He has to blend in with them. He has to be perfect.

He will be.

From nighttime windows, red light crept down the wall, across the ceiling, over the floor. The warmth of the day gone, there was no comfort in it. Like a chill up the spine. Like blood leaving the system. If their blood was red.

Jor-El entered a final wave of data. The craft began to glow softly, rebuking the very sun it sought escape from.

Come say goodbye to your son, Jor.

Jor-El walked her side. He reached in to touch Kal's face, gently, as if he would live long enough to forget what he looked like. As if he would live long enough for the pressure on his finger tips to fade.

Lara folded Kal's arm over his chest and wrapped a corner of the blue blanket over it. Then placed the neatly folded garment on his chest.

Another blanket?

My old prayer robes.

All the strength was leaving her. Rao be with him.

Rao be with us all. Jor-El adjusted the folded red robe, tucking it tightly into the craft's infant-sized cockpit. Unceremoniously, he shut it, locking the child within. Lara ran her hand over the seam, as if her fingers could see through walls, for one last glimpse.

The ceiling opened slowly, the rich, red light shifting the world monochromatic.

Did your brother finish?

Yes. By Zor's calculations, Kara arrives several planetary months before Kal. She'll be able to take care of him, guide him.

Lara laughed lightly. The best a teenager can, you mean.

They stepped back, to the living quarters, eyes on the craft, their bodies folded into each other, arms wrapped. The craft rose, slowly at first. As it cleared the rooftop, it hung, paused, the only star in the ever brightening nighttime sky. Lara imagined he was looking back at her, one last time, and she smiled, like she spotted a friend on a crowded street corner. She started to raise her hand to wave when the inevitability washed over her, thick with the light, and she realized she hadn't taken a breath, for minutes, or hours, or all the years leading up to this last moment in her life, and she exhaled, deflated, anything left unfinished, unsaid, to remain so for eternity.

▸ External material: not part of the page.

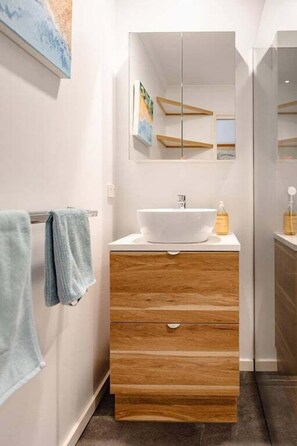 Hårføner, håndklær og toalettpapir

With a noiseless flash, the craft streaked up, up in the sky, and vanished, never to return.

Jor and Lara-El sat down, on the edge of the bed they had shared most of their adult lives.

Their hands intertwined. They looked ahead, then down. Lara leaned sideways, her cranial ridges nesting in the grooves in Jor's skull.

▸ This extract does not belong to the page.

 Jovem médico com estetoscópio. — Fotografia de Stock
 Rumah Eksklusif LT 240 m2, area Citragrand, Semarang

I wished they had listened, he said, absently, his anger long since faded into acceptance.

She closed her eyes. She brushed the filaments off her face, tucking them behind her ear.

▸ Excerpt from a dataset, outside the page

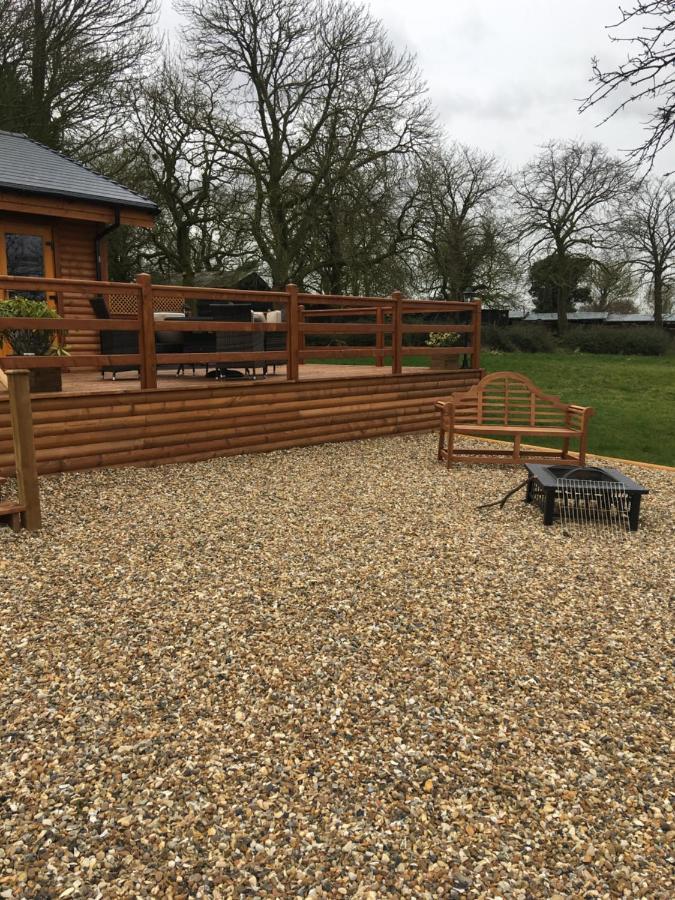 The Orchard Bramble Lodge Hadleigh  外观 照片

Jor-El smiled. So out of character.

The disk of the sun rose over the horizon, a cruel prank of hope, as it expanded exponentially. The sky faded. From red to orange to white.

The heat wave washed over them and Krypton scattered. All that was and all there would ever be, returned to Rao's embrace.


	3. Chapter 03

The window was supposed to help with the claustrophobia and perhaps under perfect conditions, it could.

There was a moment, at the beginning, where it felt like an elevator, where the ceiling crept closer, in slow motion, where a tingle formed in her stomach, her chest, crawled downward, spread outward, then set upon her skin like a million tiny insects. Where she could feel her head filaments rustle as if caught in a soft breeze washing over her. Then the acceleration kicked in, and the stars started to blur, come at her, and she thought to herself the window was supposed to help with the claustrophobia, but it didn't, and her body collapsed inward with fear.

Kara Zor-El met her cousin Kal two days after he was born, his eyes still milky white, his head smooth as a stone from a creek, and just as misshapen. Inside she danced, imagining herself rocking side to side, from foot to foot. Outside, she stayed still, calm, betraying nothing to her father and uncle, to prove she could behave, and to not embarrass her mother, who had lobbied so hard to include her in the visit.

Kara wanted to gather him up, rub him across her face to inhale his scent, run her fingers across the spots in his head where his ridges would eventually push their way through. She had never seen anything more amazing, more beautiful, than her tiny cousin. She imagined him growing up, growing older, playing with him in the yard, teaching him numbers, helping him pick out his first science robes (because, of course he would go into science), his first date, his wife, and his first child; who would also be the most impossible, amazing, beautiful thing she could imagine.

Mother, may I touch his hand?

Of course, Allura said, ignoring Jor-El's stiffening posture.

Kara would have normally missed the subtle change entirely, but she was so focused on doing things right, to not, ever, embarrass her mother in front of her uncle. She caught the motion in her left eyes, paused, to what felt like an eternity, unsure of how to proceed. Lara, so much more aware of her husband and his moods, stepped forward and took Kara's hand, laying it gently on Kal's face.

It's okay, she said quietly. Don't worry about Uncle Jor, he'll be okay.

Kara blushed and murmured thank you, too quietly for her Aunt to hear, but Lara's smile indicated she knew what Kara's bowed head meant. Lara stepped over to Jor-El and gently lead him to where Kara's parents sat, and the adults concerned themselves with things adults concern themselves with. She had more important things.

Kara ran her hand over Kal's face, over those as yet imaginary ridges, gently, around his eyes, over his nose, to that tiny, tiny chin. She leaned closer, knowing Kal couldn't see more than a smear of color where she was, but wanting him to get used to her scent, the sound of her voice as she whispered to him, greetings, hopes, promises for the future.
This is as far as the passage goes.